[[ EXERCISE MATERIALS, beginning ]]

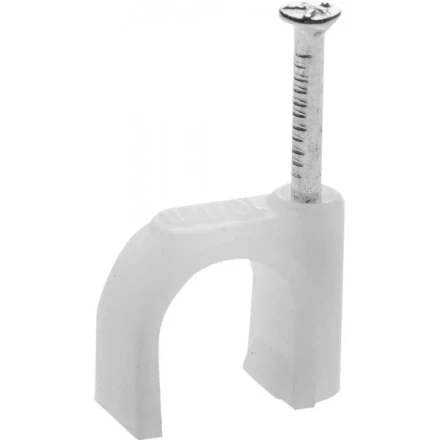 Скоба-держатель для круглого кабеля, с оцинкованным гвоздем, 14 мм, 50 шт, STAYER Master 4510-14 4510-14 купить в Надыме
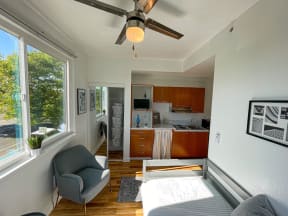 Gorgeous Living Room at Borregas Court Apartments, Sunnyvale, CA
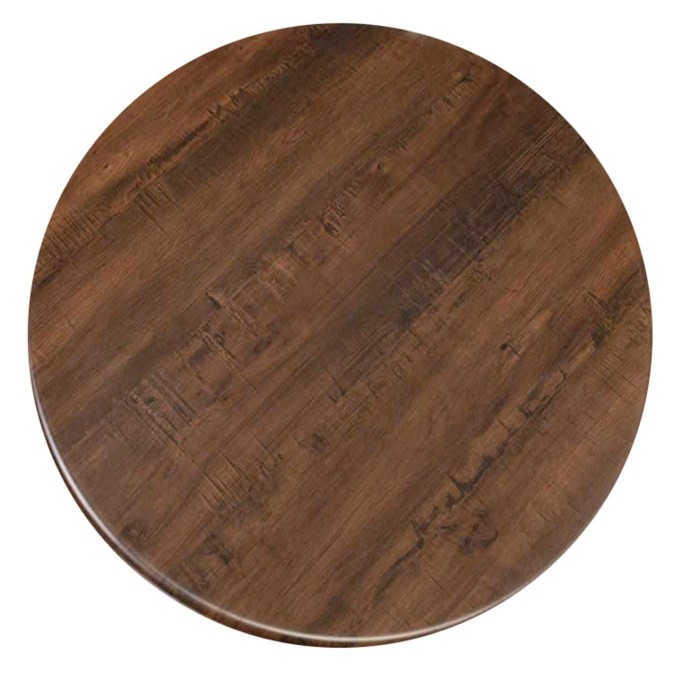 CONTRACT SLIQ NORMAL ΕΠΙΦΑΝΕΙΑ ΤΡΑΠΕΖΙΟΥ Φ60cm/16mm Τ.WERZALIT, ΑΠΟΧΡΩΣΗ WALNUT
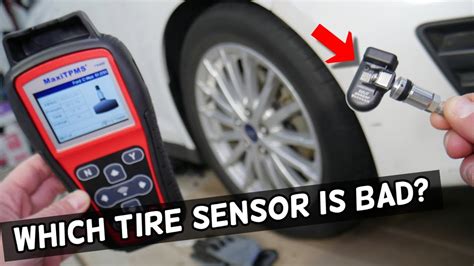 how to check if tire pressure sensor is bad
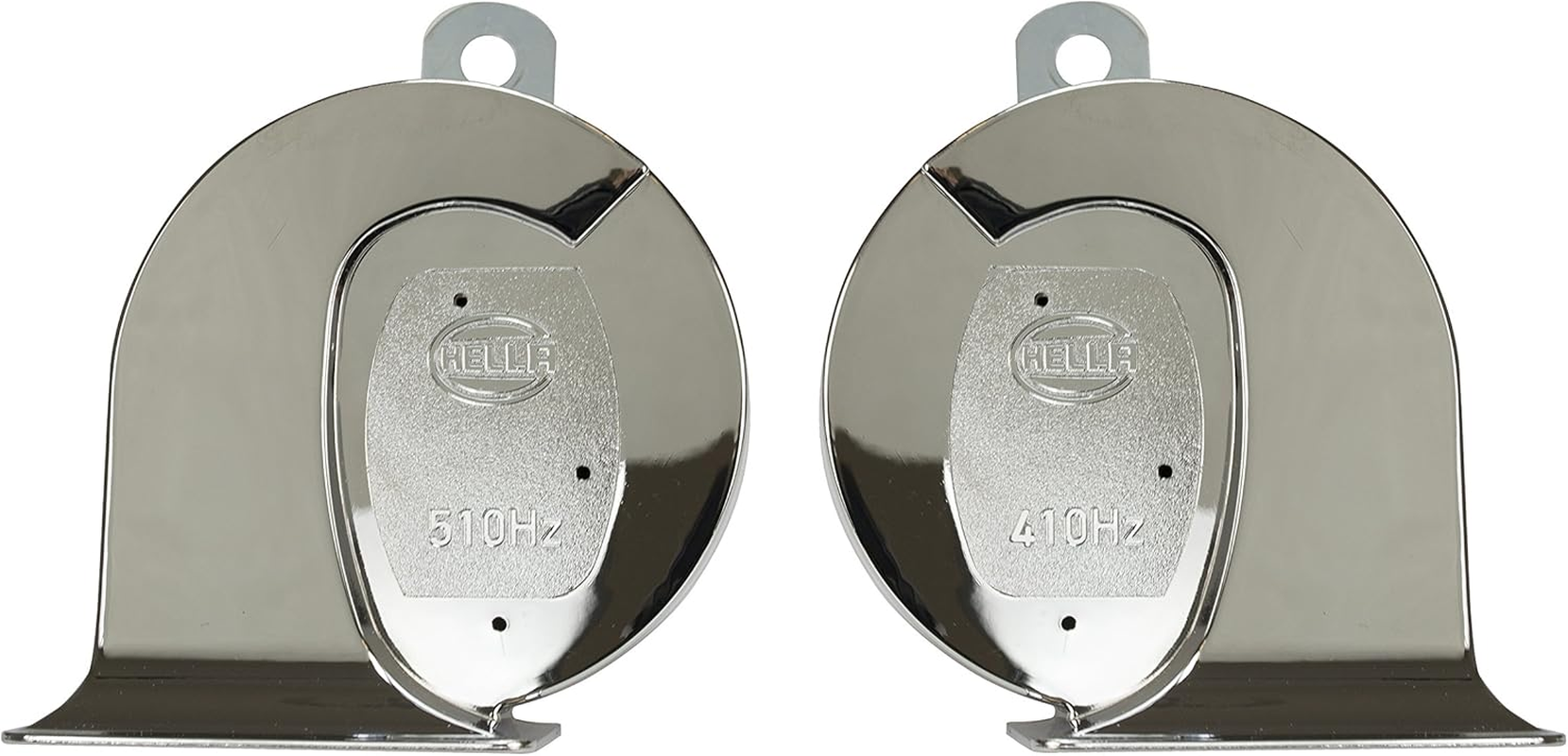 HELLA 007728883 Chrome 12V Trumpet Horn Kit (Universal Fit)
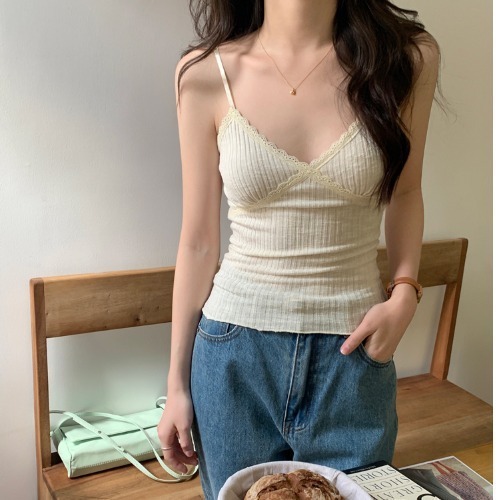 Lace V-neck Cross Bralette Top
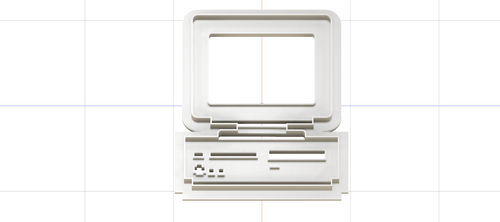 3D Model to Print Your Own Cookie Cutter Inspired by Old PC DIGITAL FILE ONLY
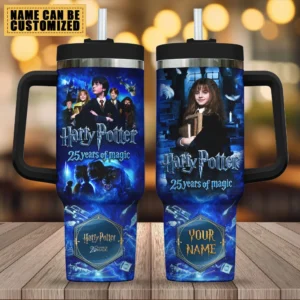 Personalized Harry Potter 25th Anniversary x Hermione Granger 40oz Tumbler - TMTHU8695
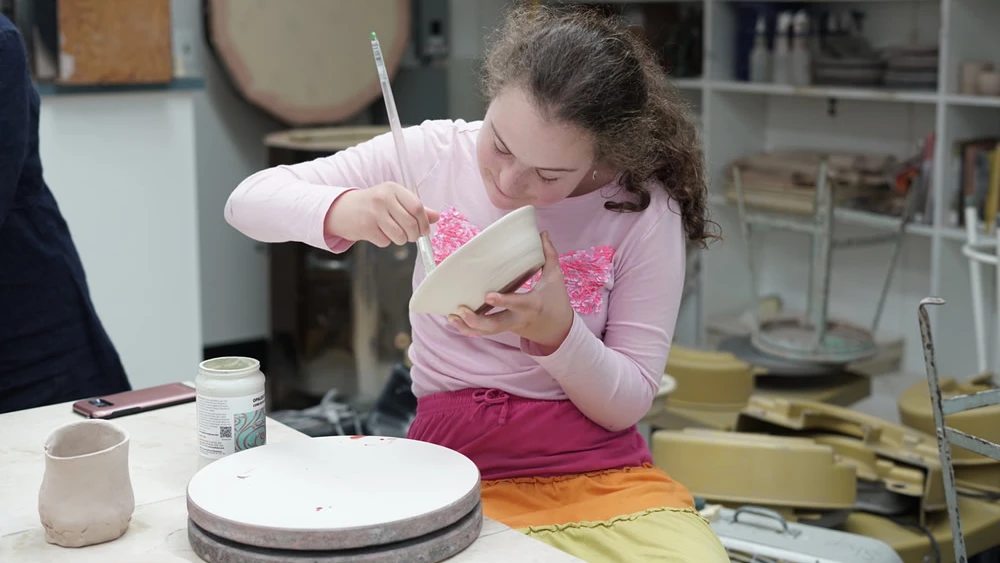 “UnCamp” offers activities common at a traditional overnight camp: art classes, swimming, a late-night talent show and day trips off campus, July 2019. Credit: Courtesy.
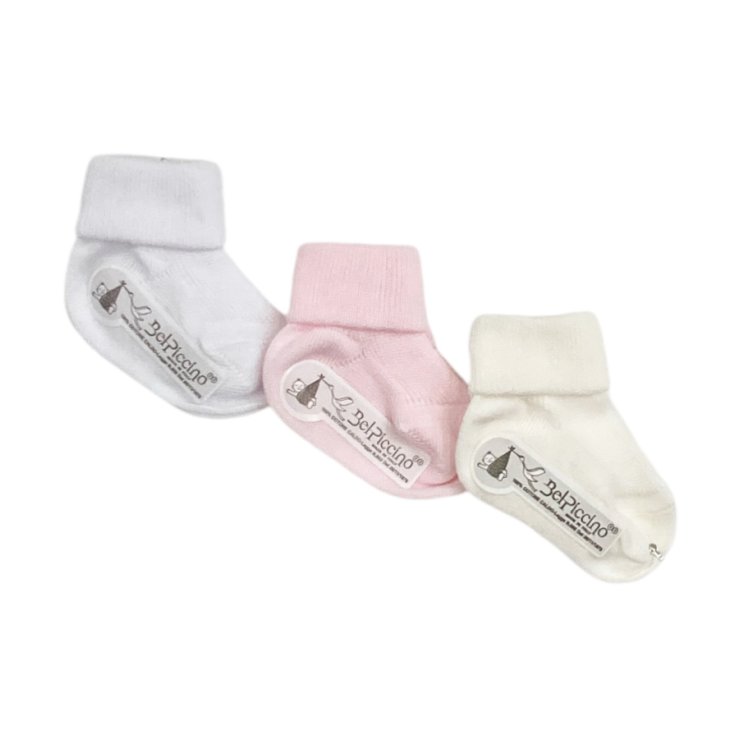 Lot de 3 chaussettes en coton pour nouveau-né Bel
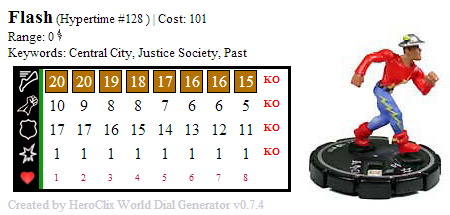 HeroClix Flash Dial Hypertime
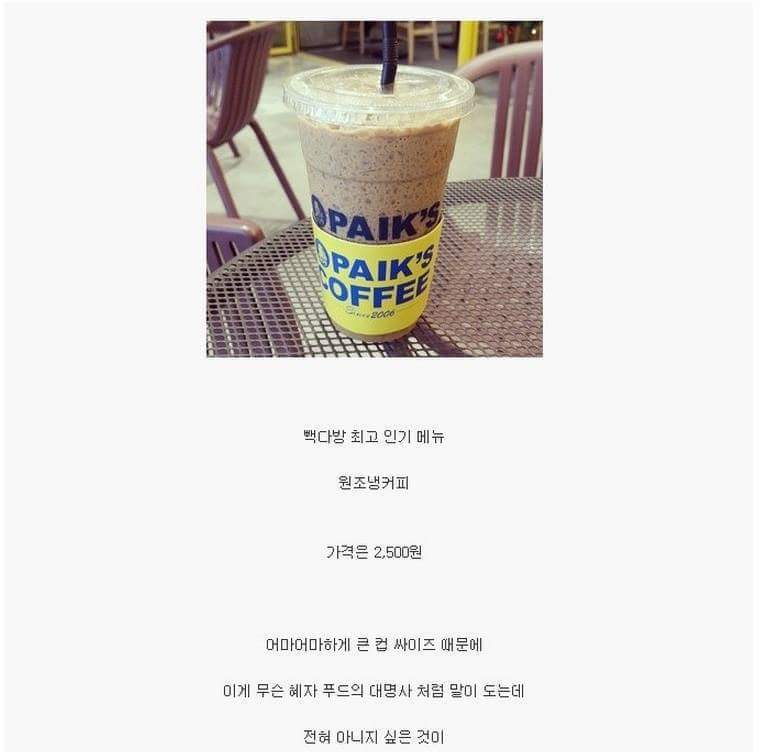 빽다방 아이스 음료 | 인스티즈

[[ EXERCISE MATERIALS, end ]]

_TO DO_:
All lines from the one bearing "HELLA 007728883 Chrome" through the last line of the records, and only those, should be duplicated exactly; no picture belongs in the copy.

_REPLY TO THE EXERCISE_:
 HELLA 007728883 Chrome 12V Trumpet Horn Kit (Universal Fit)
 Lace V-neck Cross Bralette Top
 3D Model to Print Your Own Cookie Cutter Inspired by Old PC DIGITAL FILE ONLY
 Personalized Harry Potter 25th Anniversary x Hermione Granger 40oz Tumbler - TMTHU8695
 “UnCamp” offers activities common at a traditional overnight camp: art classes, swimming, a late-night talent show and day trips off campus, July 2019. Credit: Courtesy.
 Lot de 3 chaussettes en coton pour nouveau-né Bel
 HeroClix Flash Dial Hypertime
 빽다방 아이스 음료 | 인스티즈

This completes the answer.